§ Material to process:

--*--

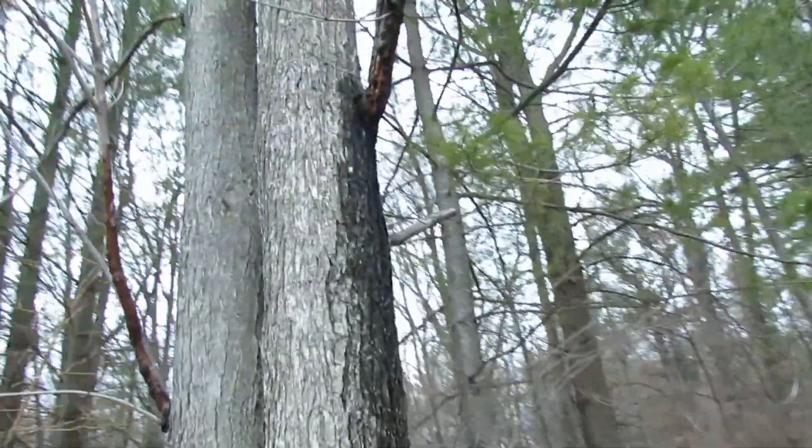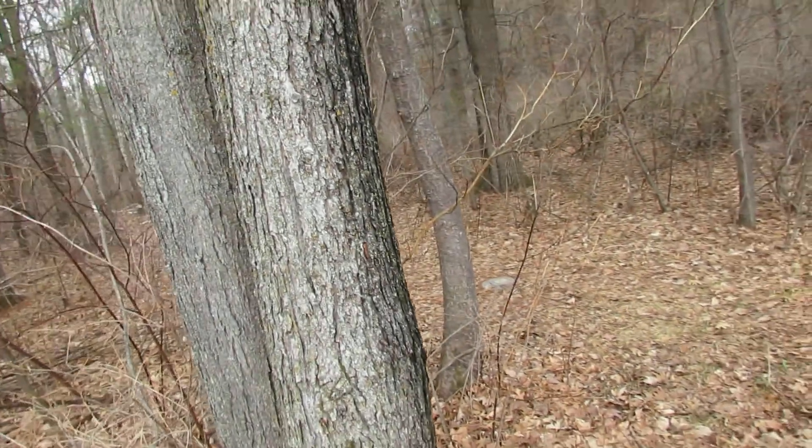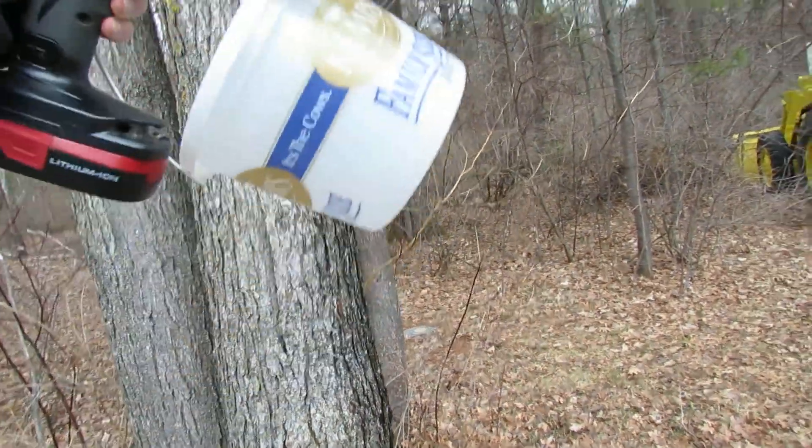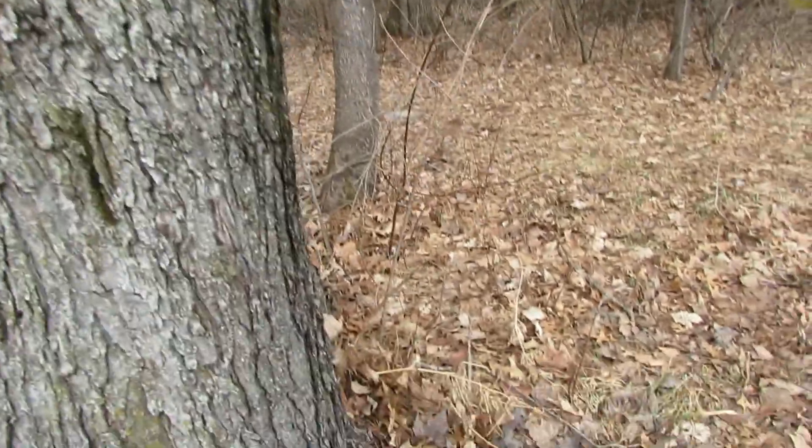There is a dark spot on the ground from maple sap coming down out of this tree. We went to a bunch of maple syrup sugaring conferences this week and we're ready to try this.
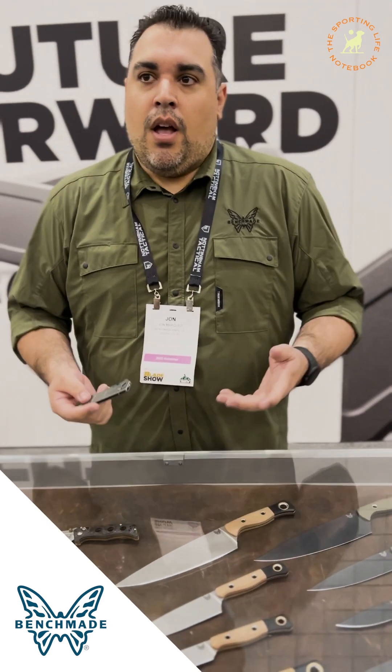On top of all the great reception, getting an award has been awesome. What do you think — you talk about future-forward, right? That's the theme about this. What about this particular knife is taking what Benchmade is doing, but how are you redefining the future of knives right now?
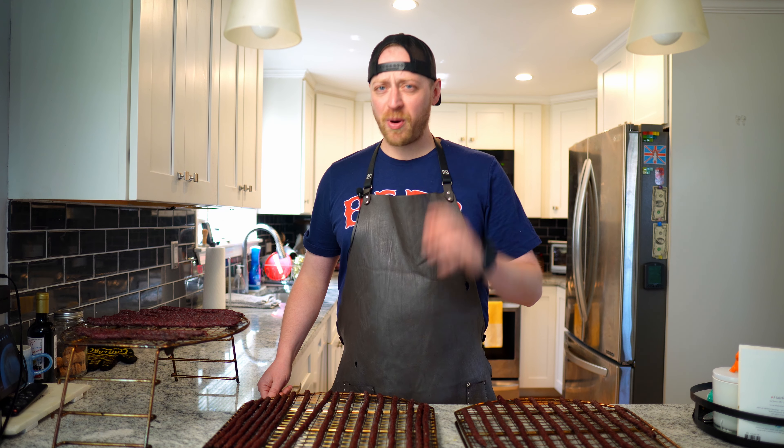Hello friends and welcome back to The Mothership. I got a question for you: do you like jerky and do you like coffee? If you answer yes to both of those questions, I have the perfect recipe for you. It's what I'm calling coffee jerky, and we're going to make it with some ground venison. Let's get started.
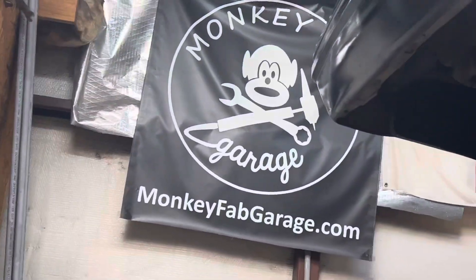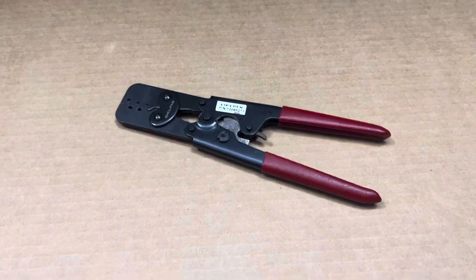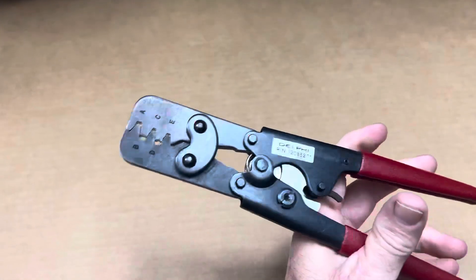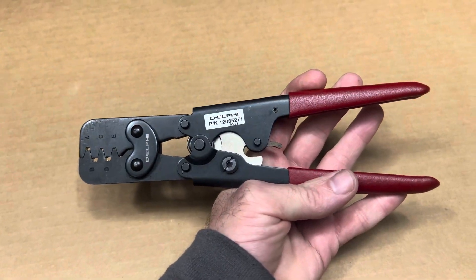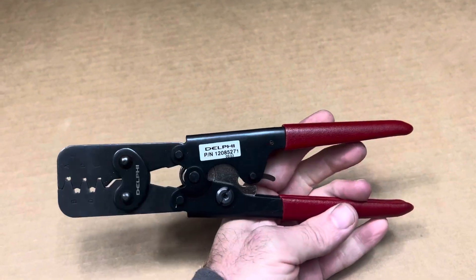Hey everybody, it's Mike with MonkeyFab, MonkeyFabGarage.com. Look at this — I found them. It took a little bit of work, but I found these crimpers that you need for about 80 to 85% of the crimping you'll do with GM type stuff — their sensors and whatnot.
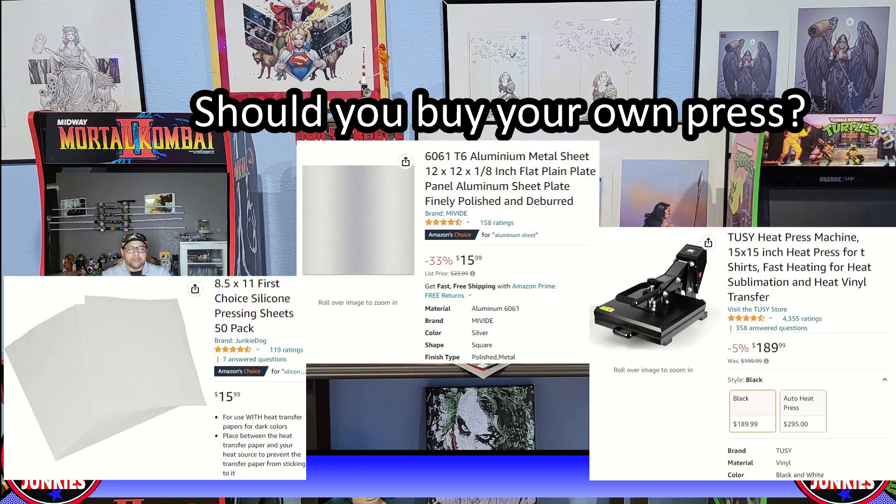There are plenty of other videos on YouTube on before and after images, advanced pressing, and restoration techniques. Thanks for watching — remember to hit like and subscribe, and I'll see you guys next time.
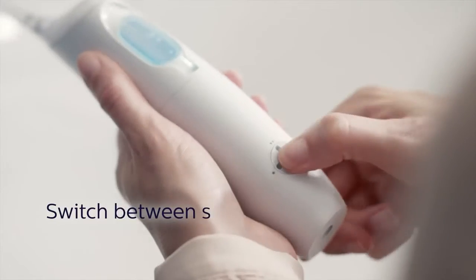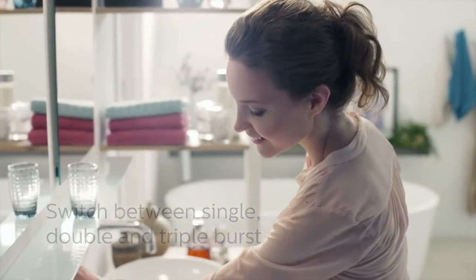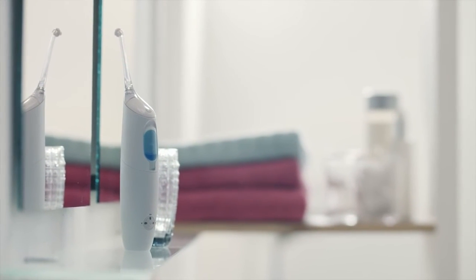If triple burst mode is not desired, you can switch between single, double, and triple burst by pressing the mode button once for each mode. The indicator LEDs show what mode is activated.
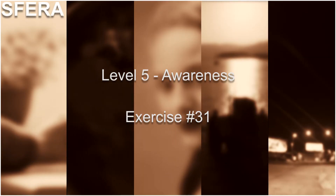Level 5 Awareness Exercise number 31. Assume the standard position and close your eyes. Rub one palm against the other. Pay attention to the feeling you will get.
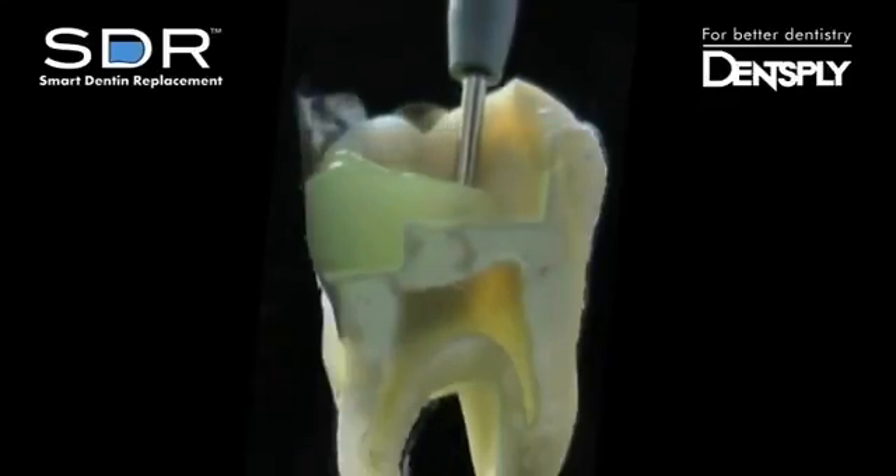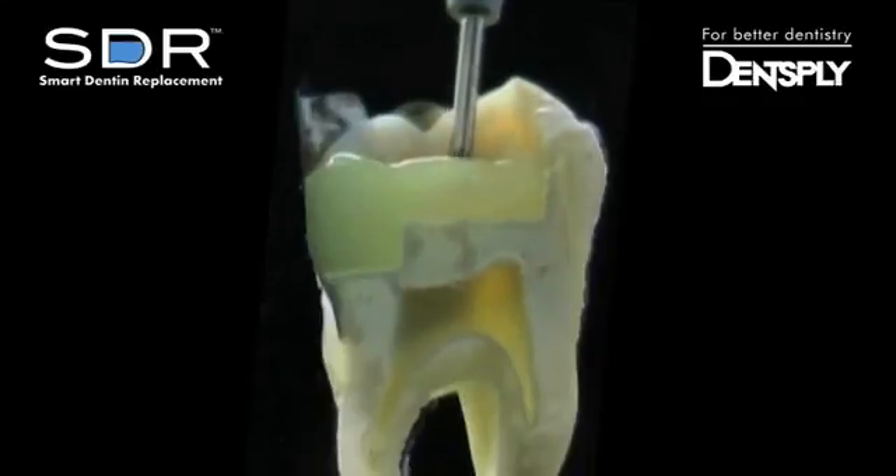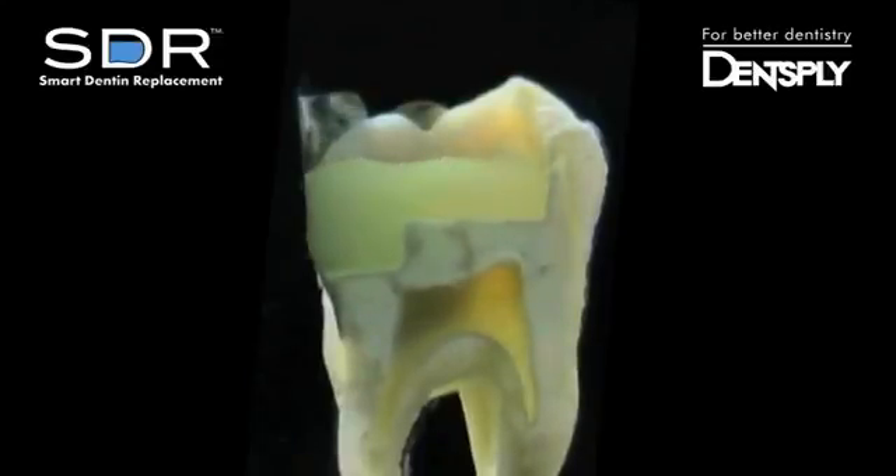As we move across the prep, the material is not pulling or dragging, but moving along with the cannula tip. After placing the material up to 4 millimeters, it quickly levels to provide a smooth interface to adapt composite to.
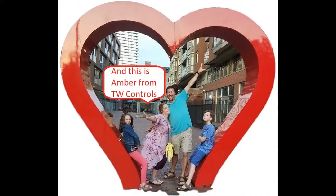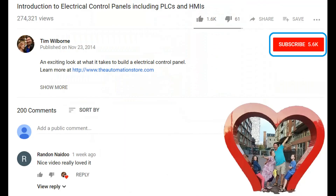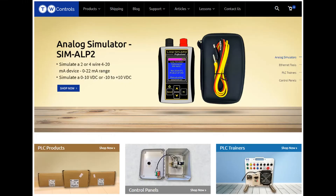This is Tim and this is Amber of TW Controls. We run the automation store. Be sure to subscribe for more great videos, like this video, and comment on what you would like to see next. Visit our website where we offer a full line of PLCs, simulators, control panels, PLC trainers, and more!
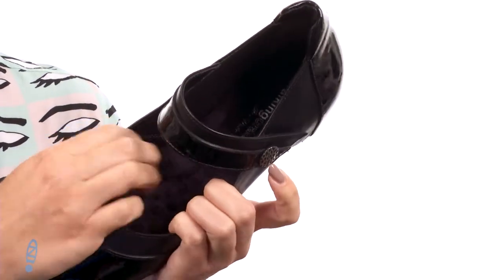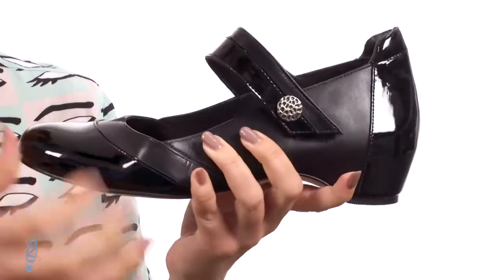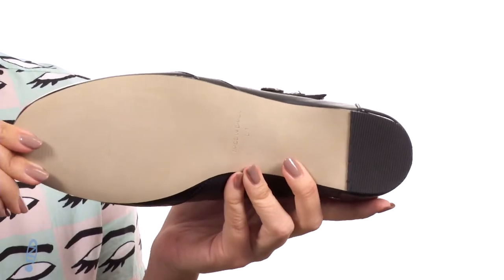Inside is a moisture-wicking lining, and you've got tons of cushioning in the footbed as well — it's got the Tiny Pillows technology. Lots of flexibility, it has a modest heel, and it's all on top of a slip-resistant polyurethane outsole.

--*--

§ Problem to work on: What you write must match the listing exactly, from the line with "Hey everybody, it's" up to and including the line with "Level 5 Awareness". Pictures stay out.

§ Result for this exercise:
Hey everybody, it's Mike with MonkeyFab, MonkeyFabGarage.com. Look at this — I found them. It took a little bit of work, but I found these crimpers that you need for about 80 to 85% of the crimping you'll do with GM type stuff — their sensors and whatnot.
There are plenty of other videos on YouTube on before and after images, advanced pressing, and restoration techniques. Thanks for watching — remember to hit like and subscribe, and I'll see you guys next time.
If triple burst mode is not desired, you can switch between single, double, and triple burst by pressing the mode button once for each mode. The indicator LEDs show what mode is activated.
Level 5 Awareness Exercise number 31. Assume the standard position and close your eyes. Rub one palm against the other. Pay attention to the feeling you will get.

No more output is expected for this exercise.